_Dataset items_
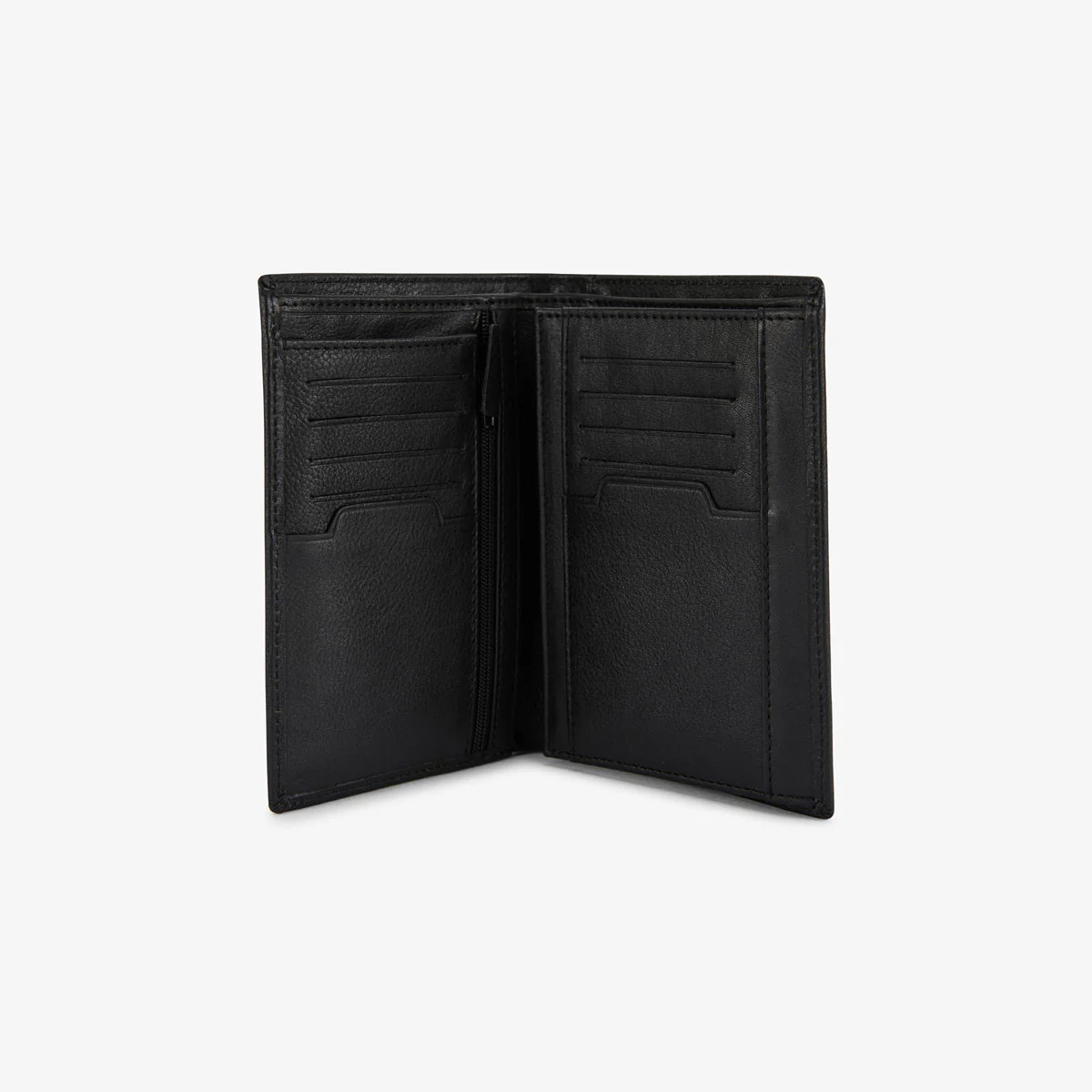 Portefeuille vertical Baltimore en cuir avec logo embossé noir - Image 3
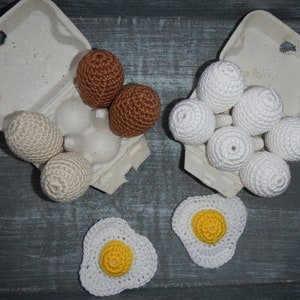 Fried egg or egg, crocheted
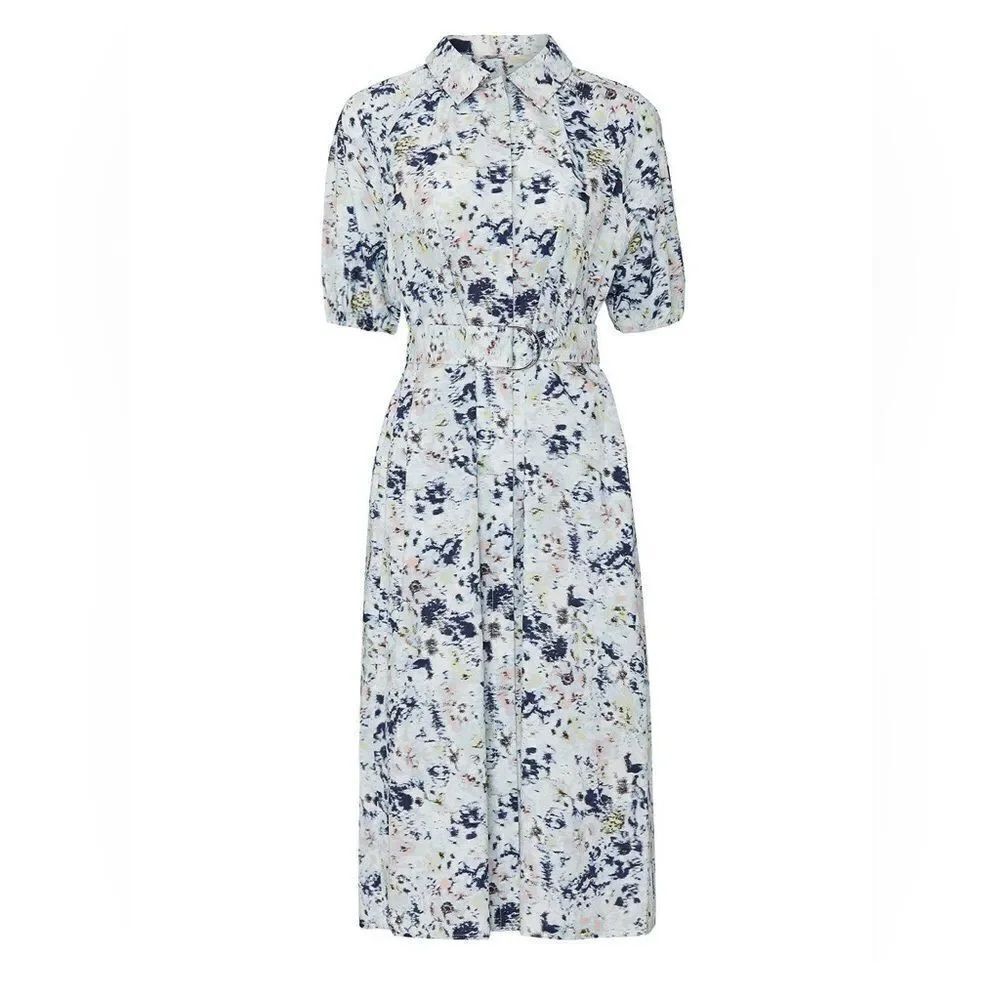 JASON WU Blurred Poplin midi shirt dress size 6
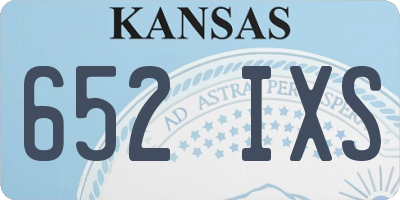 KS license plate 652IXS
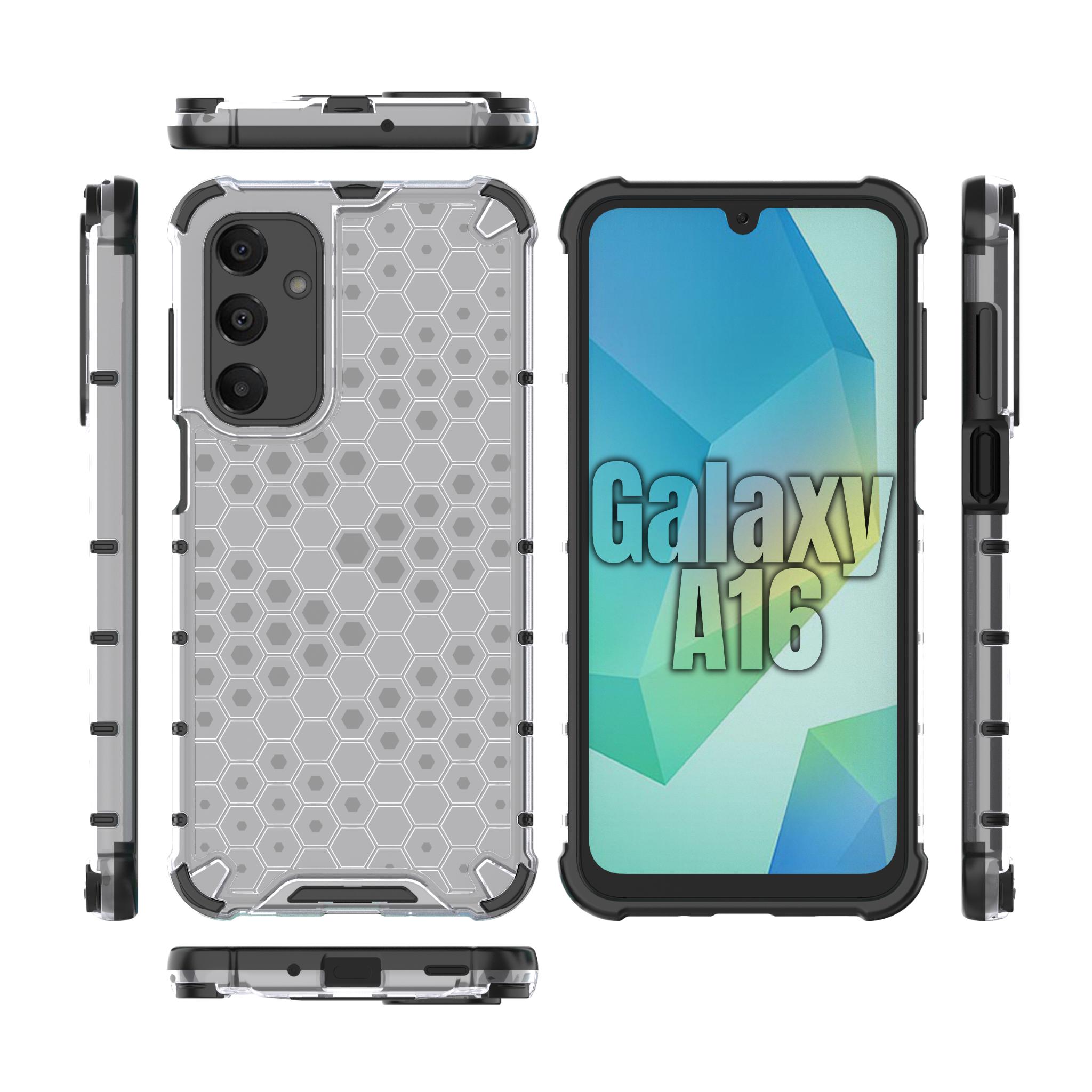 Honeycomb Case for Galaxy A16 Shockproof Cover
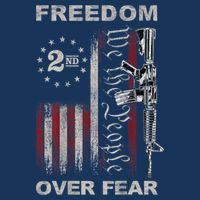 Freedom Over Fear 2nd Amendment Patriotic ProGun ON BACK Infant Baby Jersey Bodysuit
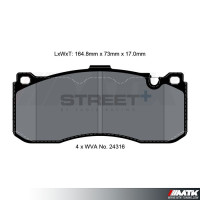 Plaquettes Pagid Street Plus T8068SP2001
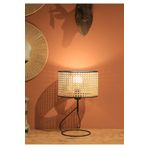 HOMİNG Hazeran Rattan Başlıklı Abajur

_WHAT THE EXERCISE ASKS_
Copy exactly the lines from the first line of the records above through the line with "Plaquettes Pagid Street Plus T8068SP2001", both included, and nothing else. Pictures stay out.

_RESPONSE_
 Portefeuille vertical Baltimore en cuir avec logo embossé noir - Image 3
 Fried egg or egg, crocheted
 JASON WU Blurred Poplin midi shirt dress size 6
 KS license plate 652IXS
 Honeycomb Case for Galaxy A16 Shockproof Cover
 Freedom Over Fear 2nd Amendment Patriotic ProGun ON BACK Infant Baby Jersey Bodysuit
 Plaquettes Pagid Street Plus T8068SP2001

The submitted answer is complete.